Mandy had been asked by some reporter outside the Old Bailey why Profumo had denied allegations of sexual impropriety between him and Ms. Keeler. She retorted tartly: "Well, he would, wouldn't he?"

In an odd way, that word ‘denial’ connects Mandy with Modi.

His government denied any involvement in the murder of a Canadian citizen - Hardeep Singh Nijjar, the chief of Khalistan Tiger Force (KTF).

Nijjar was gunned down in June 2023 within the grounds of the Guru Nanak Sikh Gurdwara in British Columbia, on Canadian soil. Earlier in May, the Khalistan Commando Force (KCF) chief Paramjit Singh Panjwar was shot dead by some unidentified assailants in Lahore, on Pakistani soil.

Both assassinations took place in Commonwealth countries. The difference between the two was that, unlike the Pakistanis, the Canadians reacted with unprecedented vehemence.

Canadian PM Justin Trudeau confronted his Indian colleague with this blunt accusation: ‘Canadian security agencies have been actively pursuing credible allegations of a potential link between agents of the Government of India and the killing of a Canadian citizen, Hardeep Singh Nijjar’). Modi dismissed the allegations as ‘absurd’.  

Gone the previous bonhomie when Trudeau could tease Modi that he had more Sikhs in his cabinet than Modi did. Gone the diplomatic niceties when commonwealth members bickered behind closed doors. Gone the myth that the Sikh diaspora had assimilated themselves – indistinguishable except for their turbans - into the corpus of their host countries.  

The repeated demand by a subdivision of Sikhs for Khalistan – a separate nation-state - has ensured that it remains as potent and combustible a factor both within India and outside it.

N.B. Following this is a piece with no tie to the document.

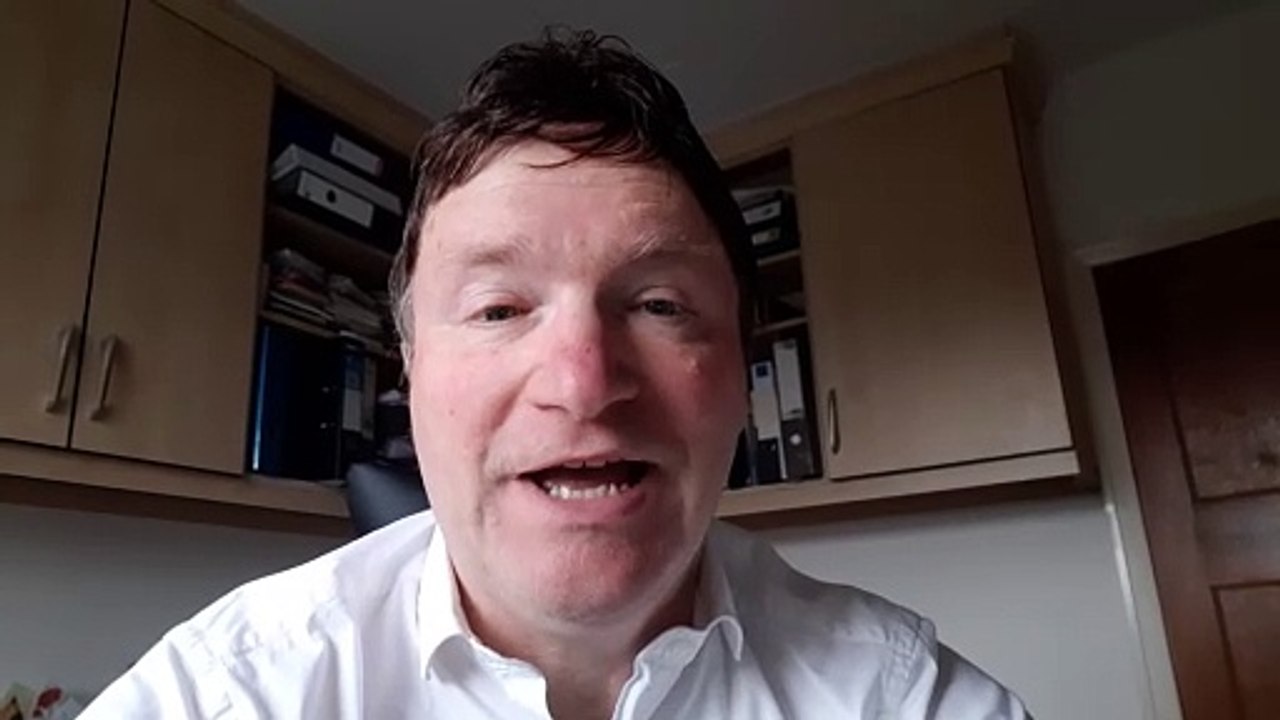 BP reveals a fall in profits in the face of lower oil prices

India has 16 million Sikhs in its Punjab and 2 million within reach of it. Over 8 million Sikhs live outside India – 800,000 in Canada, 500,000 in the U.S., another half million in the U.K., and the rest scattered across the globe.

Khalistan is spoken of loosely as the area that is India’s Punjab. The demand for it emanated first from within India, was fuelled from across the border by Pakistan’s General Ziaul Haq and his like-minded successors. It is now a rallying call among an increasingly affluent Sikh diaspora.

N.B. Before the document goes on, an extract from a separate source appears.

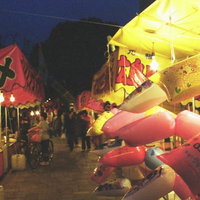 深夜の祭りの屋台と提灯の灯り - 夏祭りの夜店風景の写真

To the Sikhs, geography and history coincide. The kingdom of the Punjab created by the Sikh Maharaja Ranjit Singh in the mid-19th century remained roughly intact until 1947, except at its fringes and when in 1846 Kashmir was sold to Raja Gulab Singh of Jammu, making him maharaja of both.

In August 1947 Cyril Radcliffe sliced Punjab into two. One-third (the less arable) went to Indian East Punjab and the larger more fertile became Pakistani Punjab.

In 1966, Indian prime minister Indira Gandhi trifurcated her Punjab to create Haryana, Himachal Pradesh, and a residual Punjab.

So, today, the question arises: Which area would comprise a hypothetical Khalistan? Only the present state of Indian Punjab? Or would it also include territory in modern Pakistan that contains shrines sacred to the Sikh faith (Nankana sahib, Punja sahib, Kartarpur, etc.)?

Might any future government of a yet unborn Khalistan also demand offshore outposts in Canada, the U.S., and the U.K.?  For example, the United States has Samoa, Guam, Puerto Rico, and the Virgin Islands.  Britain still retains Gibraltar, the Channel Islands, Tristan da Cunha, and the Falkland Islands. Greece and Turkey share the offshore island of Cyprus, divided since 1964 on ethnic lines.  

The timing of PM Trudeau’s disclosure is significant. It has taken the shine off PM Modi’s self-coronation as a leader of South Asia. Worse. It has dented India’s ambition to secure a place as a permanent member of the UN Security Council.

He is being reminded that defying UN resolutions consistently for the past 75 years are poor credentials for a seat at its Round Table. Deflecting an accusation made by a fellow Commonwealth prime minister (who flew over 11,000 km. to confront him with ‘credible proof’ of Indian involvement) is yet another unfortunate example of India’s brittle diplomacy.

PM Modi is not inclined to listen to anyone connected with the word Congress, least of all Annie Besant, the first woman president in 1917 of Indian National Congress. She had cautioned once: ‘Refusing to believe until proof is given is a rational position; denial of all outside of our own…experience is absurd’.

It will take time to repair the damage done by the Nijjar / Panjwar murders to the carefully crafted murti of Mahatma Modi.  Remember, though, Gandhi was the victim, not the assassin.